Monday, January 28, 2008

No private toll roads in Texas!

In the last, Texas, state legislative session the Trans Texas Corridor (TTC) was put on hold, but no other method was made available for funding new road construction, or operating and maintaining existing infrastructure. So, the Perry appointees at TxDOT HQ whine that there's no money for them to do their job; a corner they willfully backed into.

There has been an experiment in a private toll road in south Texas, the Camino-Columbia toll road, where drivers proved that they would much rather wait in snarled traffic than pay profitable toll rates. So, the lesson that Perry's minions at TxDOT HQ learned was that you take negotiations for privately owned toll roads behind closed doors and give away the farm.

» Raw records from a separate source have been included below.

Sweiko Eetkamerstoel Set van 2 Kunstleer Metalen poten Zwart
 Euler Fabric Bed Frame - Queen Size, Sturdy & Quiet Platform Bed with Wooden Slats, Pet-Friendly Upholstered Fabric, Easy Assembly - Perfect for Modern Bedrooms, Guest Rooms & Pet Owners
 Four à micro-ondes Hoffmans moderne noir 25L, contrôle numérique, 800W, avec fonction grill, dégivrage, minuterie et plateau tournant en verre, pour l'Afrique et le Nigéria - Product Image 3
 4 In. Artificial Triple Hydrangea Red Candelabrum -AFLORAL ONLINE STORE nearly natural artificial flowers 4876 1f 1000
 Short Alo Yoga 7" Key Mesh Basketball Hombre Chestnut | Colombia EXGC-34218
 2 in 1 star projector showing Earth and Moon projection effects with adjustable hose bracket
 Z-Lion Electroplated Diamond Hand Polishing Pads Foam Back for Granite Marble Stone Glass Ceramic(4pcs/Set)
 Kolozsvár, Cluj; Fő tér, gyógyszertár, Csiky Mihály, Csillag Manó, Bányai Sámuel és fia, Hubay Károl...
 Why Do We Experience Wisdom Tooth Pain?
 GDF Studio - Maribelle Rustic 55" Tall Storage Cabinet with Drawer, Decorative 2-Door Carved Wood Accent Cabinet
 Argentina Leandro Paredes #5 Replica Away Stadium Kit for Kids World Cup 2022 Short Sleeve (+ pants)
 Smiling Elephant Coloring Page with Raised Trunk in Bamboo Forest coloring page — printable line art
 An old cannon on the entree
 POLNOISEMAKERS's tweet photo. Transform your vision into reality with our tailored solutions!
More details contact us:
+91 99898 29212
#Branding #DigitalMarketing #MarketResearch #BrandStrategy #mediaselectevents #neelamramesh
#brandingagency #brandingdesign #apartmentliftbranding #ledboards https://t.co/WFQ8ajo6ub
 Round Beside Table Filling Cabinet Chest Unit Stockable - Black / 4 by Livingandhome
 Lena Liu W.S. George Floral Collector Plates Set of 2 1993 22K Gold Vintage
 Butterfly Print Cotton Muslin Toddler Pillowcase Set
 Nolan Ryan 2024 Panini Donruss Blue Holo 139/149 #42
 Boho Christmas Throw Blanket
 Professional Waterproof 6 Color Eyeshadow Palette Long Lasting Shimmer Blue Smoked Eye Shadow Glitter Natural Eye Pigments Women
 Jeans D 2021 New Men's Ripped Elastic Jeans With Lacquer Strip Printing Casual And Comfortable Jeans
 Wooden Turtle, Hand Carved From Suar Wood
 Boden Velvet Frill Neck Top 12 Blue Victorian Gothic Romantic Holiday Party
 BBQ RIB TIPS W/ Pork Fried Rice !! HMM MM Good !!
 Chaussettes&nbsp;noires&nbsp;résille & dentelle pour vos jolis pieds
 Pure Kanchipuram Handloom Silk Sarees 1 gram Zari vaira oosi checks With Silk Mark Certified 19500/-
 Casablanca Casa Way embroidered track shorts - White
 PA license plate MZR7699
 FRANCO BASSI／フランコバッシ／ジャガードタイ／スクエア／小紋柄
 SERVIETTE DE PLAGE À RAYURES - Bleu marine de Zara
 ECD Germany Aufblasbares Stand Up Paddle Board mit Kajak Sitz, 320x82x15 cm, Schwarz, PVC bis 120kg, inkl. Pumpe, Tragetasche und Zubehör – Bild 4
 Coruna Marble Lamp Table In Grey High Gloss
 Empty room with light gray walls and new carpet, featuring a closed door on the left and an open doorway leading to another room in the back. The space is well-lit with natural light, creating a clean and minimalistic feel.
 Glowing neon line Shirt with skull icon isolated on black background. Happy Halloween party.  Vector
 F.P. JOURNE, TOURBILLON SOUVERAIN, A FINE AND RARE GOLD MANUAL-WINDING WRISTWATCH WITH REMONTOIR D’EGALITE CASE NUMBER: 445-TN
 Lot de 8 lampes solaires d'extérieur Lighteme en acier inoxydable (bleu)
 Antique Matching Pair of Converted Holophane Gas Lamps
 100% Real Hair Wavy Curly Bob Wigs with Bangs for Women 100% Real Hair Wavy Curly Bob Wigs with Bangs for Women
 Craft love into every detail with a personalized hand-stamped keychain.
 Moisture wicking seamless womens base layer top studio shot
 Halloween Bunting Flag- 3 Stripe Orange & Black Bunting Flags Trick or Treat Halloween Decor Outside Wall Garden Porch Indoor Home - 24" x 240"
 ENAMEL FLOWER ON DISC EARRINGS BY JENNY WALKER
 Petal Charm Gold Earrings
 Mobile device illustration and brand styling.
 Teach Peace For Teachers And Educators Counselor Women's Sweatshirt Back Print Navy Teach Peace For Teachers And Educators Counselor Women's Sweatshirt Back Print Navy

TX is now the second most populous state in the nation and is burdened with a burgeoning flow of NAFTA related traffic. This has put a tremendous, and increasing, burden on the ground transportation infrastructure of our state in the last decade, while inflation has upped the cost of building, operating and maintaining said facilities. Yet our fuel taxes have stagnated for well more than 10 years. Our state legislature wants us to believe that the only adequate solution is to turn our road and train routes over to private, campaign contributing, companies.

We've had one proof of the concept that common carriage transportation is not going to be sufficiently profitable for private companies, but if more proof is needed it should be on a project much smaller than the TTC. In the meantime let's take care of the current needs by raising the state and federal fuel taxes, as the federal government’s commission has wisely suggested.